▶ [Description of the task]: Exactly as written, return every line of the data below.

** Input material follows **

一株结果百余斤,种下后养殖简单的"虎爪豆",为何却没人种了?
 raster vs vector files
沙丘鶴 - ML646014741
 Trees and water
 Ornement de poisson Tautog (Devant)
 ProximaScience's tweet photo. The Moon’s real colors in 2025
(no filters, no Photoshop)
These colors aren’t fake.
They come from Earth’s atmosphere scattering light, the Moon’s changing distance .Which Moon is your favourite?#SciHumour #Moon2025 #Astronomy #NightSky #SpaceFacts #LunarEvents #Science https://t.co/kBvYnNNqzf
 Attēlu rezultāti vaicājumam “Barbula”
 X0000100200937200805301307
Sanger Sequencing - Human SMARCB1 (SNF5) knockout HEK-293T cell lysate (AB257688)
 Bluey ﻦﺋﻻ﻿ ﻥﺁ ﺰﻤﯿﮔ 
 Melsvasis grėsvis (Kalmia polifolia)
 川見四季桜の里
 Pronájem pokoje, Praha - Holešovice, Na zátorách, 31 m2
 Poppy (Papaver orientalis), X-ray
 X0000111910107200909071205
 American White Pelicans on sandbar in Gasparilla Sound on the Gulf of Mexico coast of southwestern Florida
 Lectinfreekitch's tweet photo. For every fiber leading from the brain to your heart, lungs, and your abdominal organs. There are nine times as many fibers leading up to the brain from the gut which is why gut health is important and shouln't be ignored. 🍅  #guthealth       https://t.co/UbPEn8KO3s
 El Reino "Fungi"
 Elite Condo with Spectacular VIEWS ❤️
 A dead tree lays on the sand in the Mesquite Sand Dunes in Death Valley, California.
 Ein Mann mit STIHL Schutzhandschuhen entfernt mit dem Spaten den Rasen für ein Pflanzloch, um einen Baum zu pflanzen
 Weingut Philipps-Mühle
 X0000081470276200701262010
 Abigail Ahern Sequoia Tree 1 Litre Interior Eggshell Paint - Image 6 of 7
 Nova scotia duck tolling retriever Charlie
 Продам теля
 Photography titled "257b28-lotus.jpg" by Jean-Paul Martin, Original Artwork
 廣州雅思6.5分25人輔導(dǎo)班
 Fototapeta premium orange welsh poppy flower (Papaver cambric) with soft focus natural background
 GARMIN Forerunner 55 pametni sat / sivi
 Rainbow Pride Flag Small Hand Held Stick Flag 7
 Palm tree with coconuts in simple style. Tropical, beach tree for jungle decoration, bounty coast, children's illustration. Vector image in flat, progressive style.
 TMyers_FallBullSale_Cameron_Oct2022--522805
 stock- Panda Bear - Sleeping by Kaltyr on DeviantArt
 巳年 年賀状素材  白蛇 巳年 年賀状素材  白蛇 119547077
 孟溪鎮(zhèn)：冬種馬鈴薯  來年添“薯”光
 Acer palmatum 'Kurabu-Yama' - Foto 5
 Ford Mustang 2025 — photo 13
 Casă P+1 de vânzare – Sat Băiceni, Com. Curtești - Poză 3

** End of Input material **

▶ [Response to the task]:
一株结果百余斤,种下后养殖简单的"虎爪豆",为何却没人种了?
 raster vs vector files
沙丘鶴 - ML646014741
 Trees and water
 Ornement de poisson Tautog (Devant)
 ProximaScience's tweet photo. The Moon’s real colors in 2025
(no filters, no Photoshop)
These colors aren’t fake.
They come from Earth’s atmosphere scattering light, the Moon’s changing distance .Which Moon is your favourite?#SciHumour #Moon2025 #Astronomy #NightSky #SpaceFacts #LunarEvents #Science https://t.co/kBvYnNNqzf
 Attēlu rezultāti vaicājumam “Barbula”
 X0000100200937200805301307
Sanger Sequencing - Human SMARCB1 (SNF5) knockout HEK-293T cell lysate (AB257688)
 Bluey ﻦﺋﻻ﻿ ﻥﺁ ﺰﻤﯿﮔ 
 Melsvasis grėsvis (Kalmia polifolia)
 川見四季桜の里
 Pronájem pokoje, Praha - Holešovice, Na zátorách, 31 m2
 Poppy (Papaver orientalis), X-ray
 X0000111910107200909071205
 American White Pelicans on sandbar in Gasparilla Sound on the Gulf of Mexico coast of southwestern Florida
 Lectinfreekitch's tweet photo. For every fiber leading from the brain to your heart, lungs, and your abdominal organs. There are nine times as many fibers leading up to the brain from the gut which is why gut health is important and shouln't be ignored. 🍅  #guthealth       https://t.co/UbPEn8KO3s
 El Reino "Fungi"
 Elite Condo with Spectacular VIEWS ❤️
 A dead tree lays on the sand in the Mesquite Sand Dunes in Death Valley, California.
 Ein Mann mit STIHL Schutzhandschuhen entfernt mit dem Spaten den Rasen für ein Pflanzloch, um einen Baum zu pflanzen
 Weingut Philipps-Mühle
 X0000081470276200701262010
 Abigail Ahern Sequoia Tree 1 Litre Interior Eggshell Paint - Image 6 of 7
 Nova scotia duck tolling retriever Charlie
 Продам теля
 Photography titled "257b28-lotus.jpg" by Jean-Paul Martin, Original Artwork
 廣州雅思6.5分25人輔導(dǎo)班
 Fototapeta premium orange welsh poppy flower (Papaver cambric) with soft focus natural background
 GARMIN Forerunner 55 pametni sat / sivi
 Rainbow Pride Flag Small Hand Held Stick Flag 7
 Palm tree with coconuts in simple style. Tropical, beach tree for jungle decoration, bounty coast, children's illustration. Vector image in flat, progressive style.
 TMyers_FallBullSale_Cameron_Oct2022--522805
 stock- Panda Bear - Sleeping by Kaltyr on DeviantArt
 巳年 年賀状素材  白蛇 巳年 年賀状素材  白蛇 119547077
 孟溪鎮(zhèn)：冬種馬鈴薯  來年添“薯”光
 Acer palmatum 'Kurabu-Yama' - Foto 5
 Ford Mustang 2025 — photo 13
 Casă P+1 de vânzare – Sat Băiceni, Com. Curtești - Poză 3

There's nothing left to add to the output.